Whether you're starting to assess the damage from a Hurricane, a recent flood, a wildfire, or another natural disaster, be aware that scammers target people just trying to recover.
How to avoid common post-disaster scams.
- Beware of immediate cleanup and repair promises: Be skeptical of anyone promising immediate cleanup and debris removal or repairs. Some may quote outrageous prices, demand upfront payment, or lack the necessary skills. Don't believe any promises that aren't in writing.
- Verify credentials: Before you pay, ask for IDs, licenses, and proof of insurance. It's essential to check out any contractors before you hire them. This will help avoid any potential scams or unskilled work.
- Use safe payment methods: Avoid paying by wire transfer, gift card, cryptocurrency, or in cash. Scammers prefer these methods as they can quickly obtain your money, making it nearly impossible for you to get it back. Also, never make the final payment until the work is done, and you're satisfied.
- Protect your personal information: Be careful about who you share your personal information with. Scammers may pose as government officials and demand money or your credit card, bank account, or Social Security number. Remember, legitimate entities will never ask for these details out of context.

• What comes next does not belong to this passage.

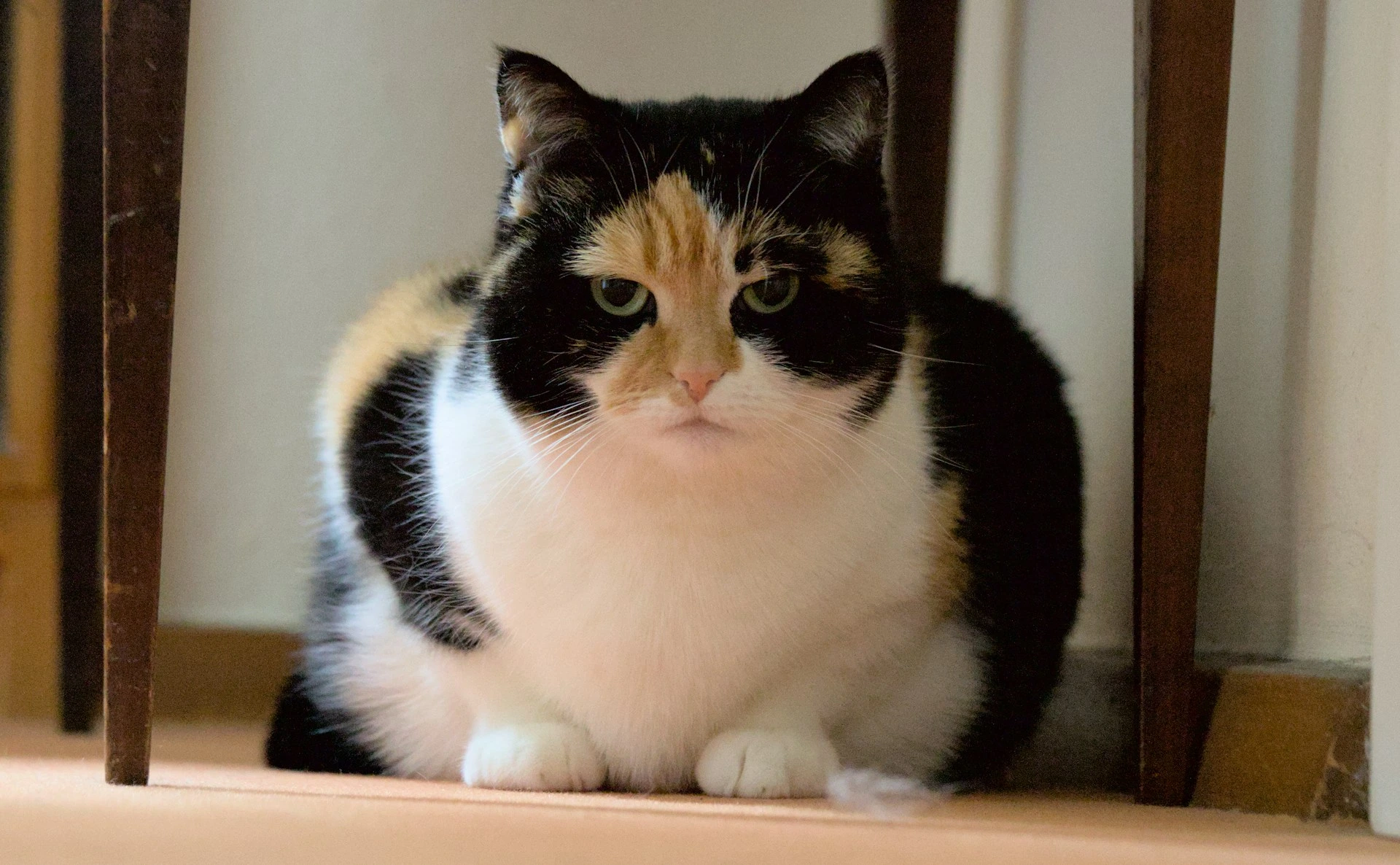 A chubby calico cat is sitting on a wooden floor.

- Understand FEMA's protocols: Know that FEMA doesn't charge application fees. If someone wants money to help you qualify for FEMA funds, it's probably a scam. Only use official FEMA channels for assistance.
- Beware of rental scams: Be cautious of rental listings that demand security deposits or rent before you meet or sign a lease. It's best to meet in person and view the property before making any commitments.
- Spot disaster-related charity scams: In the aftermath of disasters, many fake charities emerge. Do your research before donating to ensure your money goes to a legitimate cause and not into the pockets of scammers.
- Get professional advice: Consult a lawyer or a trusted professional before signing any contract, especially if it involves a significant amount of money. They can help you understand the terms and avoid potential pitfalls.
- Report Scams: If you suspect that a scam has targeted you, report it to your local law enforcement and to the Federal Trade Commission. This will help protect others from falling victim to the same scam.